Re: validator.nu from Frank Ellermann on 2008-02-05 (public-html-comments@w3.org from February 2008)

From: Frank Ellermann <omniplex@freenet.de>
Date: Tue, 5 Feb 2008 22:28:15 +0100
To: <public-html-comments@w3.org>
Cc: "Henri Sivonen" <hsivonen@iki.fi>
Message-ID: <00ab01c8683e$05d90970$3759863e@xyzzy>
Henri Sivonen wrote:

> I suggest sending feedback to the ISO/IEC FDIS 19757 committee.

If necessary that's up to somebody knowing what "FDIS 19757" is,
I'm happy with getting the drift and limitations of the few DTDs
I care about.

> I'm not interested in delivering a tool to authors who try to
> make a point by authoring new HTML 2.0 or 3.2 content today.

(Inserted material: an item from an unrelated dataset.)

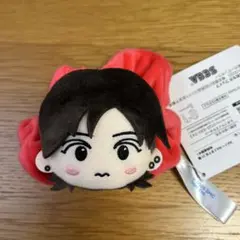 【プライズ】NCT CCOMAZ マスコット付きシュシュ　YUTA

Right, and I'm not very interested in HTML at all where XHTML 1
does what I want.  But you are obviously interested in reviving
a kind of HTML, and SGML comments actually work in browsers I've
tested.  Truth in advertising - what you do is not really "HTML"
or XHTML, it's a new class of its own.

> Currently, the HTML 5 draft doesn't permit presentational color-
> setting attributes at all, so the issue of permitted value space
> is moot.

ACK, the "HTML5 diff" draft mentions 'bgcolor'.  Maybe it could
also mention 'color' for (conditionally) allowed <font>-elements.

  [DTD subset]
>> that's apparently not (yet) supported by http://validator.nu
>> and FWIW also in no browser I know.

> If it isn't supported in any browser, it would be less useful
> if the validator didn't point out the problem, wouldn't it?

The WDG validator showed a warning, good.  The W3C validator
accepted <br /> as valid HTML for some time, that was ugly.
But validator.nu drops the ball for valid DTD subsets, bad.

It's not "pointing out the problem", as the WDG warning does,
it's lost with some syntactically valid pre-HTML5 constructs.

A clear error message would be "DTD subset not supported", or
if that's simply not allowed in XHTML 1 (dunno) say "invalid".

> You can manually override the parser to XML with external
> entity resolution if you wish to check XML documents that
> aren't suitable for use with Web browsers:
> http://validator.nu/?doc=http%3A%2F%2Fpurl.net%2Fxyzzy%2Fibm850.htm&parser=xmldtd&laxtype=yes

I tried that for my 4th test, not for the 3rd, but with your
link I run again in the reported "chemical" oddity, after two
warnings (lax + encoding) the third (and last) is the fatal
"IO Error: Non-XML Content-Type: chemical/x-pdb" (see below).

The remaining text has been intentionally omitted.